太后拢一拢鬓角,语气淡淡道:“那这珠宝你怎么解释?”
话音落下,有太监呈上了一带血的匣子。
里头有几件东西,是太后先前赏赐给她的。
元茵毫无惧意,坦然道:“事情起因,是儿臣日夜思念母亲,想多了解她些,但怕问父皇,会引得他伤心难过,便让身边的小太监去找找宫里还有没有人记得母亲,然后就找到了那个老太监。”
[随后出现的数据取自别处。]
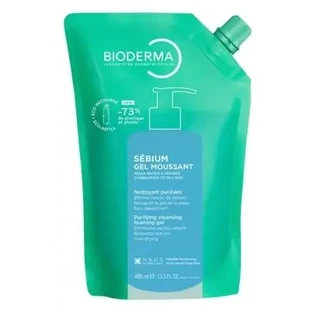 Bioderma Sébium — очищающий пенящийся гель для умывания, экологичная заправка объемом 400 мл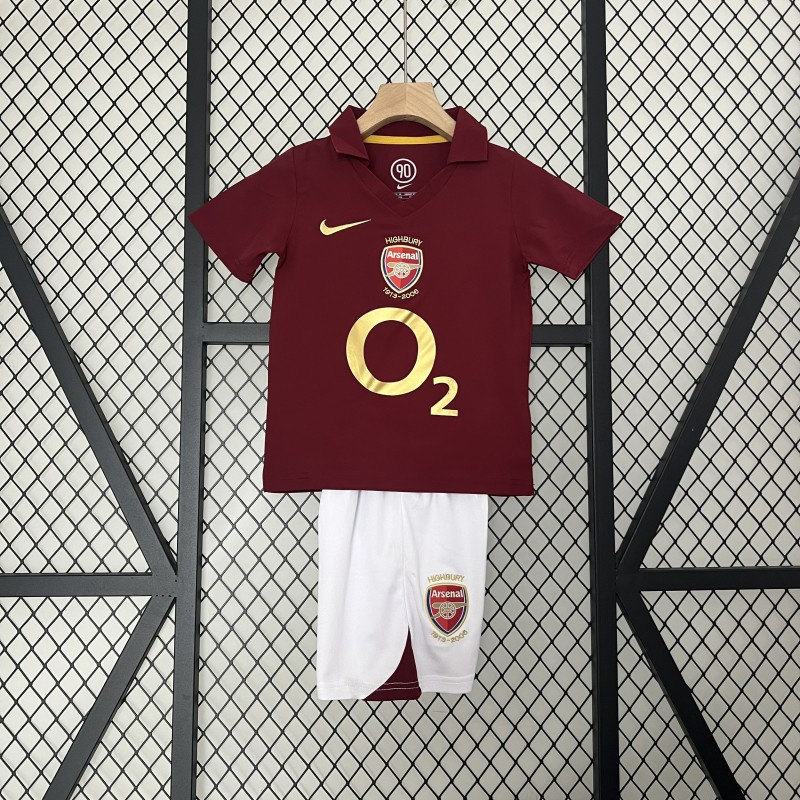 Camiseta Arsenal Visitante Retro 05/06 Niño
“老太监年事已高,体弱多病,记性也不好了,儿臣见他可怜,又想他曾服侍过母亲,就给他一些珠宝首饰,让他换了银两去治病,没成想会引起这么大的误会,还让那老人家平白丢了性命。”说到这,元茵低低呜咽了起来。
“儿臣若是为了买通老太监,断不会蠢到用皇祖母赏赐的珠钗来行贿,任谁一看,就知道是儿臣的东西。不过儿臣确实心眼大,很多规矩不懂,如果皇祖母是因为儿臣擅自把您给的宝贝赠予他人,从而厌烦儿臣的话,儿臣甘愿受罚,其他的,儿臣一概不认。”